O debate é estrictamente formal mas aos poucos vai se deteriorando fazendo com que o mediador  tenha que intervir várias vezes para acalmar os nervos. O público em volta  parece estar muito atento apreciando as polemicas que se sucedem. Não adiantam os pedidos do moderador, cada vez o ambiente é mais tenso e barulhento. Mas em determinado momento  todos fazem silêncio quando se ouvem sons muito fortes.  Os barulhos aumentam e ninguéim ouve mais nada. Então os presentes percebemos que começou a chover. O barulho da chuva caindo no telhado é ensurdecedor e todos somos obrigados a abandonar o anfiteatro. Como me encontrava do lado da escada sou um os primeiros em sair, então rapidamente chego até hall do museu. A chuva é torrencial e o vento a balança de um lado a outro como um frágil tecido ao vento.  As pessoas se aglomeram ocupando todo o hall .

 

Quando me acomodo perto da saída sinto que alguêm me pede licença colocando a mão sobre minhas costas. É uma senhora, a mêsma que estava na sale 77, a mêsma que chorava discretamente diante de ”Les femmes d’Alger dans leur apartament” e a mêsma que segurava firme o guardachuva de cor verde claro esperando o museu abrir.
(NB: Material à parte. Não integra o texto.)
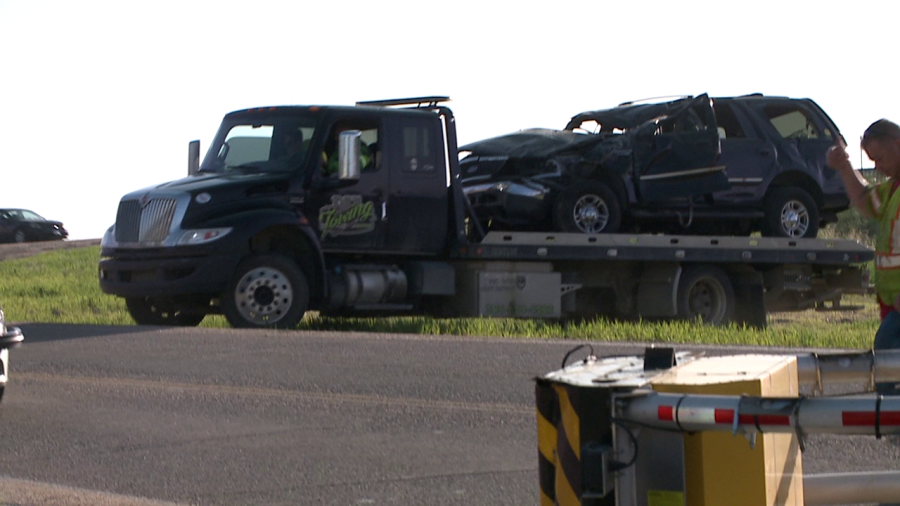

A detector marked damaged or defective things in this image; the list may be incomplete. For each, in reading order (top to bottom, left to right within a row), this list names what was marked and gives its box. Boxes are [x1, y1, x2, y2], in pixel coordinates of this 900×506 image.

wrecked suv [460, 93, 848, 239]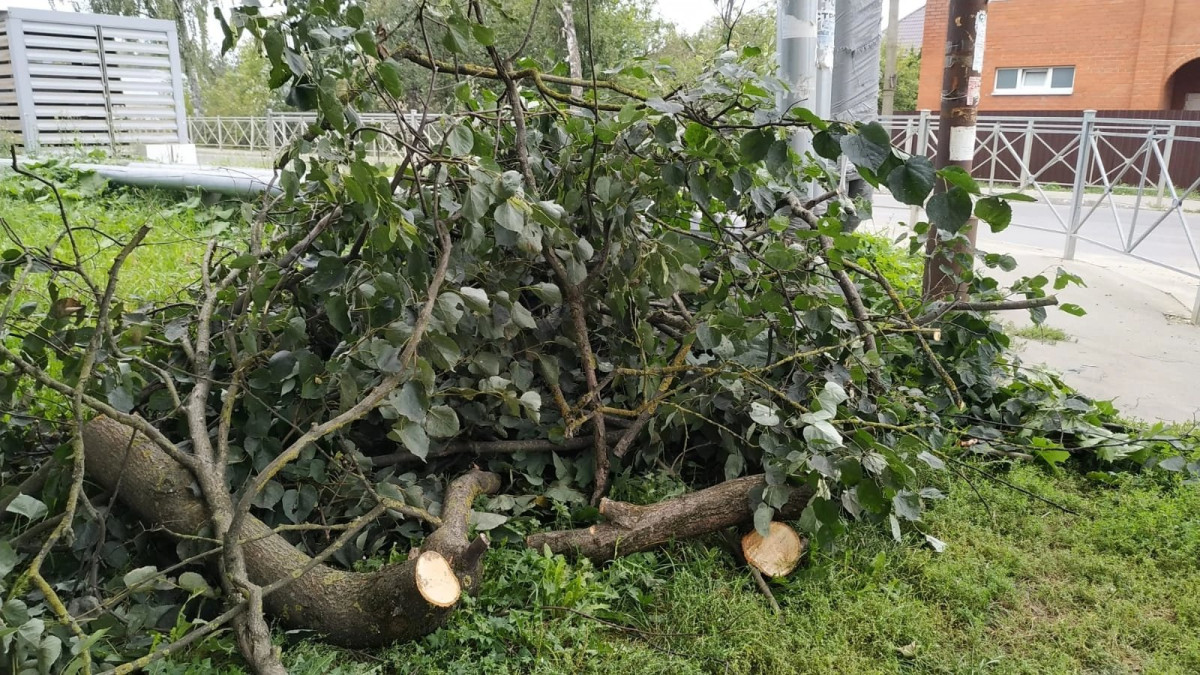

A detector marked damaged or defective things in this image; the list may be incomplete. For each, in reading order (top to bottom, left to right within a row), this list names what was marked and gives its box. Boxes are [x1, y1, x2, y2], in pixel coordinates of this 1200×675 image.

rusty metal pole [921, 0, 988, 299]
Educadamente a deixo passar e a senhora sai.  

 

Ja na calçada em frente ao museu a senhora abre o guardachuva e sai andando lentamente, a certo momento para e volta. Que valentia a da senhora, enfrentar tanta chuva,  todos olhamos . Então ela para, respira fundo e grita:  SE NÃO TROCAMOS O TELHADO NADA OUVIREMOS !

 

No hall de entrada se faz um silencio absoluto . 

 

A senhora  depois de sentenciar essas palavras faz uma pausa e desafiante olha  para as pessoas, enseguida da meia volta e aos poucos se perde embaixo da chuva protegida pelo guardachuva de cor verde claro.

 

O silêncio no hall de entrada é profundo. Depois de uma hora e meia de chuva torrencial finalmente todos vamos saindo.

 

Caminhando lentamente esquivo pouças de água. Está frio, arrumo meu cachecol e coloco as mãos nos bolsos da minha jaqueta. Sinto a textura de um papel, é o folder da maravilhosa exposição  que vi faz um par de horas atrás: La Sale Mollien 77 du Pavillon Denon du Musée du Louvre de Paris.

 

Uma pintura que não lembro ter visto, ilustra a capa: Officier de chasseurs a cheval de la garde impériale chargeant,  de Théodore Gericault

 

Como  assim? Não iriam usar essa imagem sem a obra estar exposta. Mas como não vi essa pintura, ou como não me lembro de ter visto?